A school cafeteria models the number of smoothies sold during week w of a semester with the function S defined...
GMAT Algebra : (Alg) Questions
A school cafeteria models the number of smoothies sold during week w of a semester with the function S defined below, where sales typically decline as students become busier with coursework.
\(\mathrm{S(w) = 310 - 12(w - 6)}\)
The variable w represents the week number of the semester (\(\mathrm{w = 1}\) for the first week, \(\mathrm{w = 2}\) for the second week, and so on). The constant 310 in this function estimates which of the following?
- The average weekly decrease in smoothies sold
- The difference in the number of smoothies sold between week 1 and week 6
- The number of smoothies sold during week 1
- The number of smoothies sold during week 6
1. TRANSLATE the problem information
- Given function: \(\mathrm{S(w) = 310 - 12(w - 6)}\)

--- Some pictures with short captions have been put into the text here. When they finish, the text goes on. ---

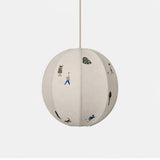 Park Scene Embroidered White Fabric Textile Pendant Light for Bedroom and Dining Areas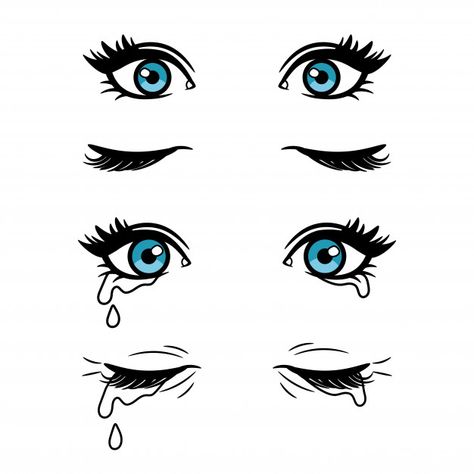 Olhos femininos dos desenhos animados Ve... | Premium Vector #Freepik #vector #mulher #desenho-animado #beleza #bonitinho Crying Cartoon, Cartoon Female, Cartoon Eyes Drawing, Eye Drawing Tutorials, Cartoon Eyes, Female Eyes, Face Sketch, Cartoon Faces, Outline Drawings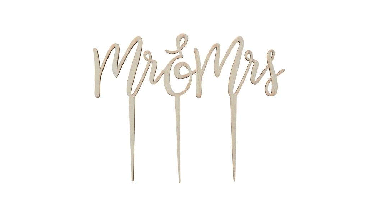 * Houten Taarttopper Mr&Mrs Ginger Ray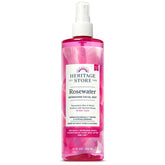 Heritage Store Rosewater face mist bottle for refreshing daily hydration.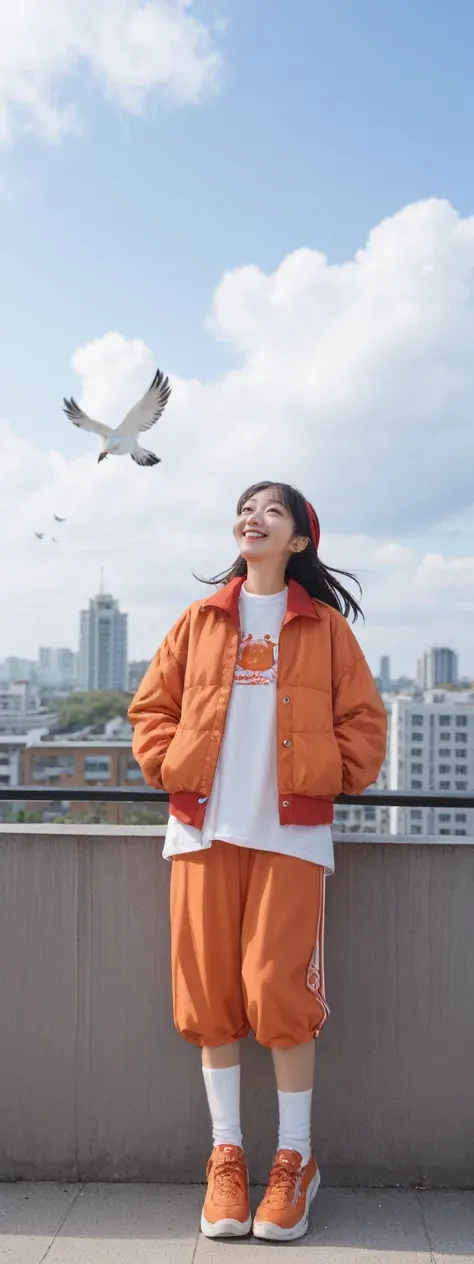 score_9, score_8_up, score_7_up, 
solo Asian girl, outdoors, smiling, black hair, red headband, orange jacket, shoes, white socks, looking up at sky and clouds, birds flying, surrounded by leaves and buildings, wide shot from below, daytime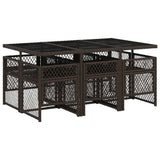 7 Piece Garden Dining Set with Cushions Brown Poly Rattan 3210729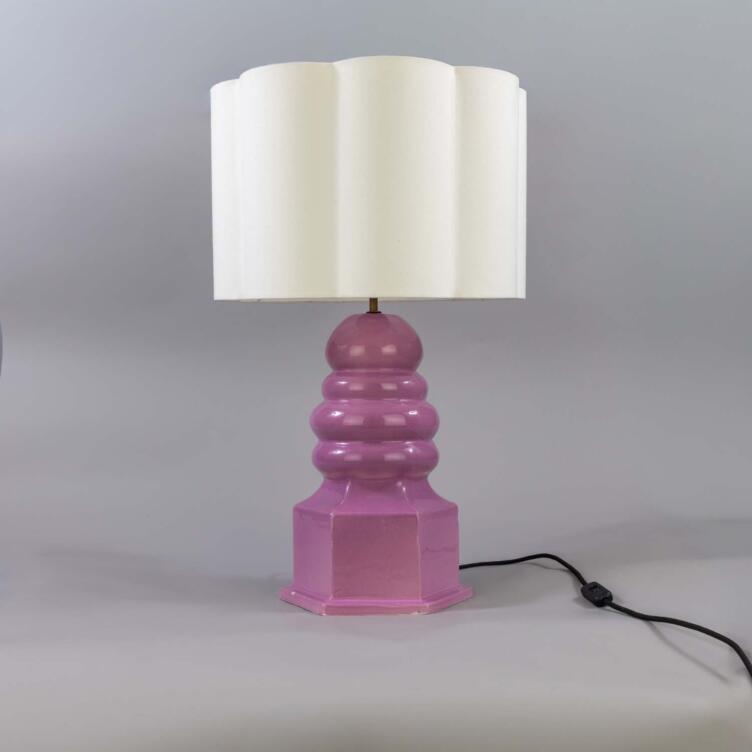 Safi Small Carnation Pink Ceramic Table Lamp with Fabric Shade 30" IP20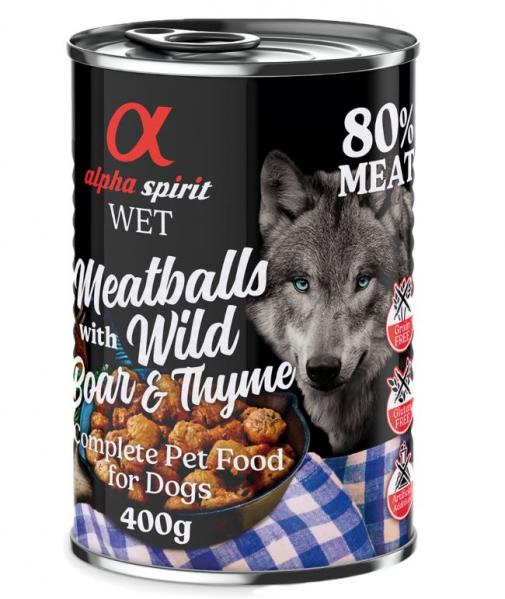 Alpha spirit Dog Meatballs, 6 x 400 g - Dzik z tymiankiem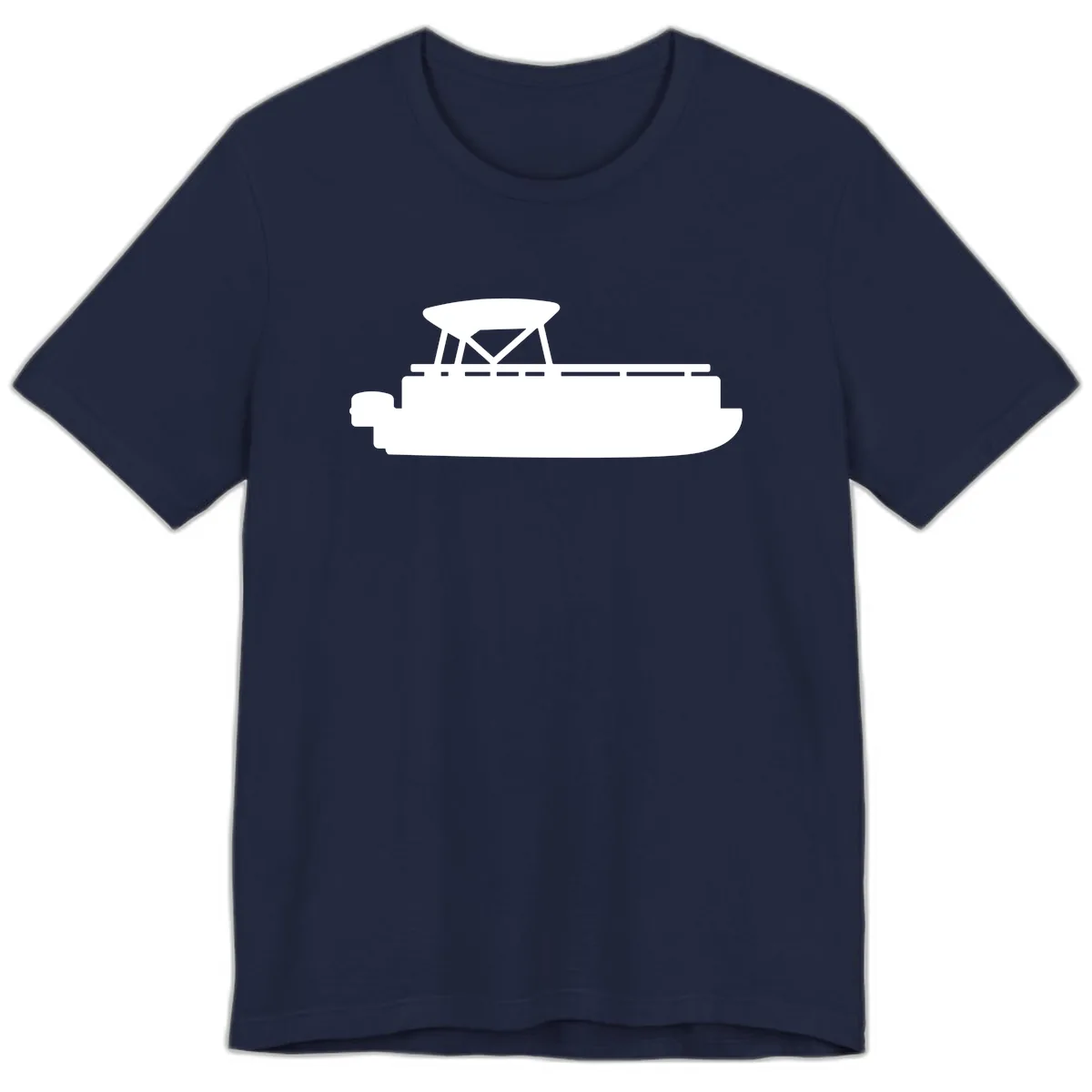 Pontoon Boat Silhouette Design Premium T-Shirt in Navy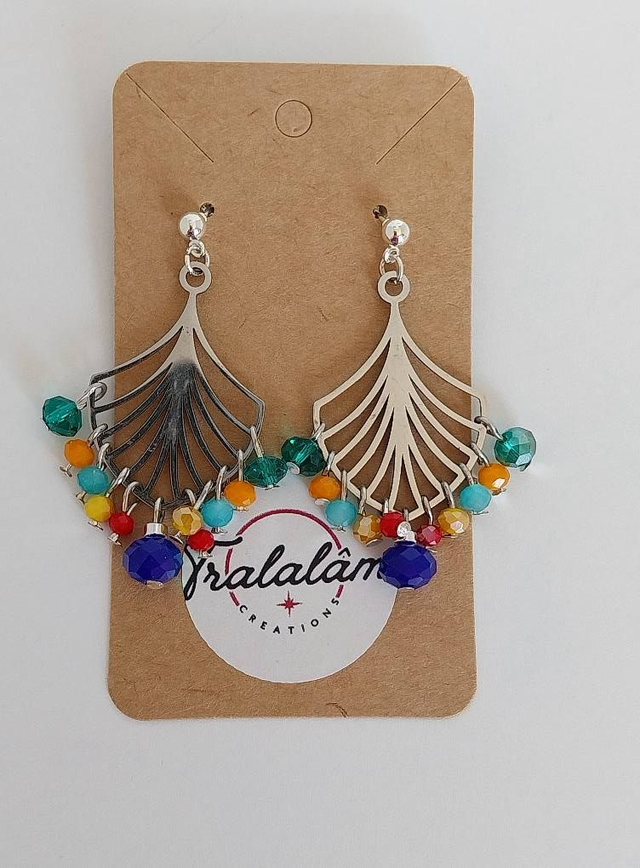 ✨Boucles d’oreilles &quot;art déco argentées multicolores&quot;✨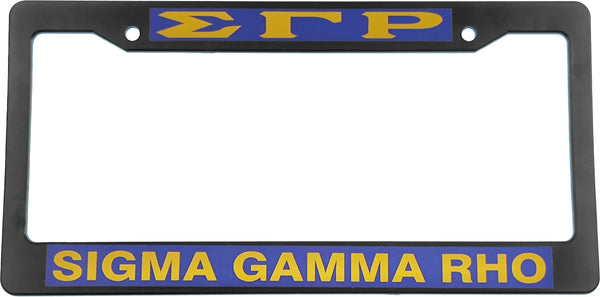 Sigma Gamma Rho Text Decal Plastic License Plate Frame [Black]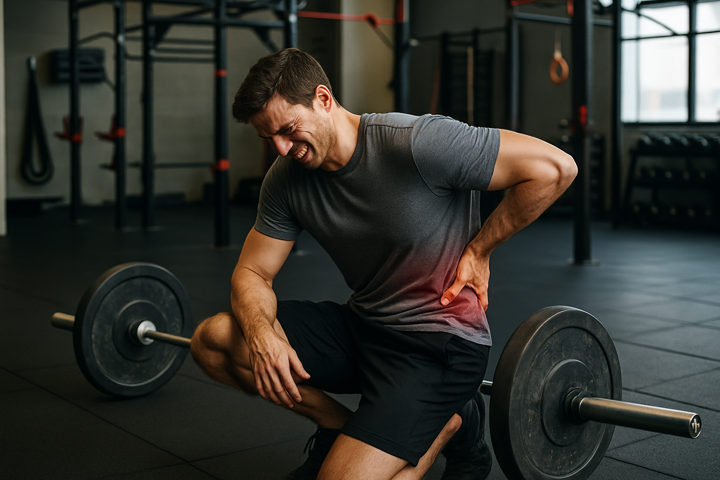 무리한 운동으로 허리 통증을 느끼는 남성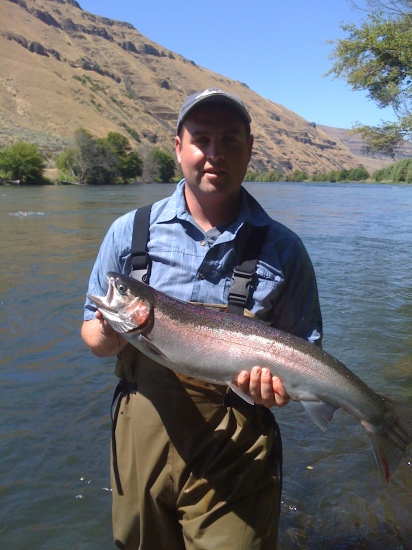 Shinny Steelhead (12 lbs.) caught on the Deschutes River in Oregon.  Fishing with a Lamiglas Rod.  Come enjoy the Northwest...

- \(\mathrm{S(w)}\) represents smoothies sold during week w
- We need to determine what the constant 310 represents
2. INFER the approach to interpret the constant
- In the form \(\mathrm{S(w) = 310 - 12(w - 6)}\), the constant 310 stands alone
- To see what 310 represents, we need to find when the variable term \(\mathrm{-12(w - 6)}\) disappears
- This happens when \(\mathrm{(w - 6) = 0}\), or when \(\mathrm{w = 6}\)
3. SIMPLIFY by evaluating S(6)
- When \(\mathrm{w = 6}\): \(\mathrm{S(6) = 310 - 12(6 - 6)}\)
- \(\mathrm{S(6) = 310 - 12(0)}\)
\(\mathrm{S(6) = 310 - 0}\)
\(\mathrm{S(6) = 310}\) - Therefore, 310 smoothies are sold during week 6
4. Verify by expanding the function
- \(\mathrm{S(w) = 310 - 12(w - 6)}\)
\(\mathrm{S(w) = 310 - 12w + 72}\)
\(\mathrm{S(w) = 382 - 12w}\) - Check: \(\mathrm{S(6) = 382 - 12(6)}\)
\(\mathrm{S(6) = 382 - 72}\)
\(\mathrm{S(6) = 310}\) ✓
Answer: D
Why Students Usually Falter on This Problem
Most Common Error Path:
Weak INFER skill: Students may think the constant 310 represents the y-intercept (value when \(\mathrm{w = 0}\)) rather than understanding how to interpret constants in shifted linear functions.
They calculate \(\mathrm{S(0) = 310 - 12(0 - 6)}\)
\(\mathrm{S(0) = 310 - 12(-6)}\)
\(\mathrm{S(0) = 310 + 72}\)
\(\mathrm{S(0) = 382}\), then become confused because 382 isn't among the answer choices. This leads to confusion and guessing.
Second Most Common Error:
Poor TRANSLATE reasoning: Students may focus on the coefficient -12 and think it represents what the problem is asking about, confusing the rate of change with the constant term.
This may lead them to select Choice A (The average weekly decrease in smoothies sold) since -12 represents the weekly decrease.
The Bottom Line:
This problem requires understanding that constants in shifted linear functions have specific interpretations. The key insight is recognizing when the variable term equals zero to reveal what the constant represents in context.